I like the idea of no equipment. It feels free. Just tennis shoes and my own will. Every run I can go a little bit farther because I ask my body to take me there. It reminds me that anything is possible over time. Ever hear that “life is a marathon, not a sprint”? Runners know that more than anyone. If forever changes your concept of time and progress. You know you’re capable of more than you think you are. You know that if you stay disciplined you can accomplish great things.
I’m in round two of my running life, and I love it. I escape from my cubicle for an hour a day at work, speed walk to the stairwell on the east wing, and run down two flights of stairs to the gym, my bag of clothes and shoes bouncing at my side. Nothing thrills me more than hitting the “up” button on the speed setting and settling in for 40 minutes of sweat and heart pounding and legs doing what they were made to do.
In other aspects of my life I’ve set a training pace for myself. I’m not where I want to be, and I’ve made my best guess at how to get there. I want what I want yesterday. Last year. But I have to earn it, and I have to earn it one step at a time.
A lot of people think that running is silly. That’s okay by me. It’s part of my life again, and a daily reminder that positive results and progress come from discipline.
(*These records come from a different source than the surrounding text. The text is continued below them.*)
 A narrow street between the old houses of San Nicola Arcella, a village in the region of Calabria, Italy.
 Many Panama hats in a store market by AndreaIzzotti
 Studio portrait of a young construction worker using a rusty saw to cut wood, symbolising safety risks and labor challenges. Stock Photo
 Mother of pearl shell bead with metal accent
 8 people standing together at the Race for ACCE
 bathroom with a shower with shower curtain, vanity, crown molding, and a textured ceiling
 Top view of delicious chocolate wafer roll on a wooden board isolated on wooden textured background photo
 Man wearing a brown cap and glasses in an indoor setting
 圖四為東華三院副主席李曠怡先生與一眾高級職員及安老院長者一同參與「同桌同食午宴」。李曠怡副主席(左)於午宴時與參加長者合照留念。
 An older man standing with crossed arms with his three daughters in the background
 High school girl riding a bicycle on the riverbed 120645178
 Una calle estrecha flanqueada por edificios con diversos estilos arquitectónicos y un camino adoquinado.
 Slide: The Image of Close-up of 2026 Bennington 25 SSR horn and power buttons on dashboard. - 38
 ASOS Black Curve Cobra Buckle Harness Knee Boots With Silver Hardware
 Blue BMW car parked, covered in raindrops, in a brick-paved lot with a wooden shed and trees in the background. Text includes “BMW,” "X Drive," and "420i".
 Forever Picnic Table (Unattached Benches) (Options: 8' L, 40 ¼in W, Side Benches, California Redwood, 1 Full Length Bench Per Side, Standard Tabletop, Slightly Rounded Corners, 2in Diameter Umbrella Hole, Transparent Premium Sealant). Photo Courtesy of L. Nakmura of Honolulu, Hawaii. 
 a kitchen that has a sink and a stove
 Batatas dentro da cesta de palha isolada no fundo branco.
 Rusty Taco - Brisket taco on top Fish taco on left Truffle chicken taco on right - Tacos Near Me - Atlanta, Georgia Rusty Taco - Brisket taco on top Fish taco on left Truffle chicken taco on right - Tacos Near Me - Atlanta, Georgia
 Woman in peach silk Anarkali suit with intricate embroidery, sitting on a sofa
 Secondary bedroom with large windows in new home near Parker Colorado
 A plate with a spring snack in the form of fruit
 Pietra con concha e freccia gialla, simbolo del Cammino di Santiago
There was not a day in my marathon life that I wanted to get up and hit the road. Not a single one. What got me out of bed? Knowing that I’d feel amazing as I turned into the driveway on foot and slowed to a gasp, looking at my watch, one more day under my belt. It’s not any different this time around–not on the treadmill, not in my art, not at my job, not in life in general. I’m beginning to trust myself to do difficult things far bigger than myself all over again and it feels great.